Pensaba seriamente en aquel momento de los dulces 18 que el exceso de la carga en los temas disciplinarios era el problema principal.
Al final no pudieron echarme pero qué lindo gusto que se dieron de arruinarme aquella noche y como soy rencoroso, no se me pasa. Igual, supongo que fue 1 a 1, yo la pasé mal, pero les arruiné la fiesta. Y mis ansias de protagonismo salieron bien paradas. Faltaba más.
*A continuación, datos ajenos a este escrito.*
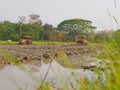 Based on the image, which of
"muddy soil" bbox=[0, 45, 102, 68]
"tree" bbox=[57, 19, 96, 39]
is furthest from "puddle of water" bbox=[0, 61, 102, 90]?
"tree" bbox=[57, 19, 96, 39]

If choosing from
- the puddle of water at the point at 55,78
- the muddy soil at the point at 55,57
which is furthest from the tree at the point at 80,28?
the puddle of water at the point at 55,78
Después pasó todo lo que pasó y todo lo que no pasó. YouTube informa cada dos por tres sobre casos considerados graves de indisciplina escolar. Chicos que se burlan de sus profesores, les queman el pelo. Chicos que se desnudan y ¡horror! tienen sexo en las aulas (cuestión aparte, qué eufemismo simpático “tener sexo”. ¿Se piensan que se puede estar en un aula o en cualquier otro lado sin tener sexo?¿Dónde se lo deja?¿En la puerta? Uno siempre tiene sexo, a veces lo usa). Parece que la disciplina no es el principal problema de la escuela, como cuando nos tocó a nosotros. Parece que ahora el tema es la indisciplina. Pero el embole es el mismo.
De aquel autoritarismo a esta nadería, la aventura del conocimiento es a la que nadie se le atreve. El conocimiento sigue siendo secundario.
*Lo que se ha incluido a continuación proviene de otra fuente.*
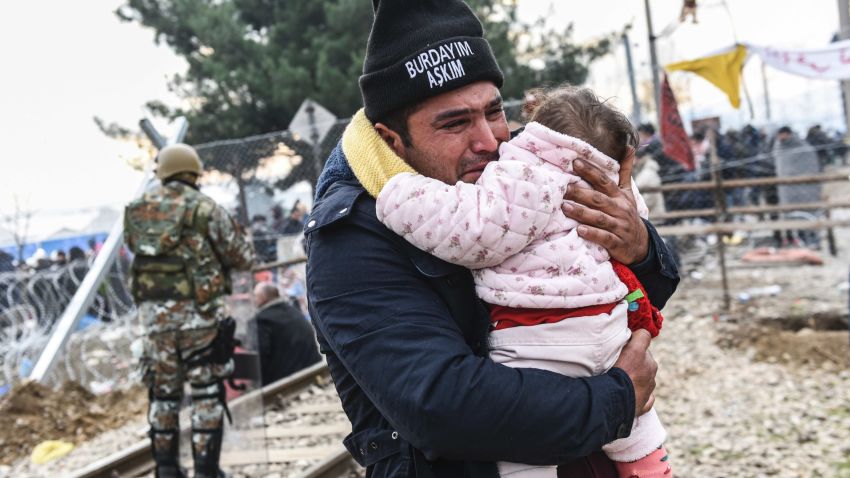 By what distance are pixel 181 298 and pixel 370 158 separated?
11.5 feet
Eso estaba pensando cuando escucho por radio al designado ministro de Educación de la ciudad y todas las fichas vuelven a cero. Escucho a Abel Posse reivindicar a Roca, leo sus comentarios superficiales, machistas, reveladores de un puñado grave de prejuicios y zonceras y me preocupa todo lo que no ha pasado en este tiempo desde que casi me echan del colegio por decir una cosita que no era del agrado de las autoridades hasta hoy, que los chicos le queman el pelo a las profesoras. Ni la dictadura ni la indisciplina sirvieron para que los alumnos aprendieran algo. Se ve que no es la base donde se apoyan los conocimientos.
Posse quiere disciplinar y castigar. Y ahí se le va a ir toda la iniciativa. Reprimir va a ser la palabra que más use, porque está convencido de que el poder disciplinador es el que vale. No recomiendo leer sus escritos, son altamente inflamables. Literalmente, y con perdón de la mesa, te queman las pelotas.
No soy de los que piensan que la educación va a salvar al país. Soy de los que creen que sólo la educación pública va a salvar al país. Lo demás son empresas más o menos competentes –más veces menos que más– a las que el futuro del país obviamente tiene sin cuidado. Es el Estado el único que puede embarcarnos a todos juntos en los caminos de la civilidad, la solidaridad, la diversidad. Esos guetos generalmente caros no son, por definición, formadores de ciudadanos. En su constitución está el germen de la desigualdad social: preparan a tus hijos para que lo que importe sea la diferencia, no la igualdad. Pagás la diferencia. Sólo el Estado tiene la responsabilidad de formarte y educarte como ciudadano, no como cliente. Por eso, que un señor cuyas papilas gustativas se deshacen en saliva al escuchar la palabra “represión” y que saca del baúl de los peores recuerdos palabras como “troskoleninista” como insulto esté al frente de la educación de los chicos porteños me apena y me pone otra vez, con un traje nuevo como en “Flor de Lino”, lleno de miedo y esperanza y certezas, en el salón de la sociedad italiana de Salto Grande. Y entonces otra vez, como cuando tenía menos kilos y más pelo, menos hipocresías y más libertad, menos dudas y más urgencia, agarro el micrófono, los miro a todos, uno por uno, y les digo: “Es una pena, pero miro para atrás y parece que no aprendimos nada”.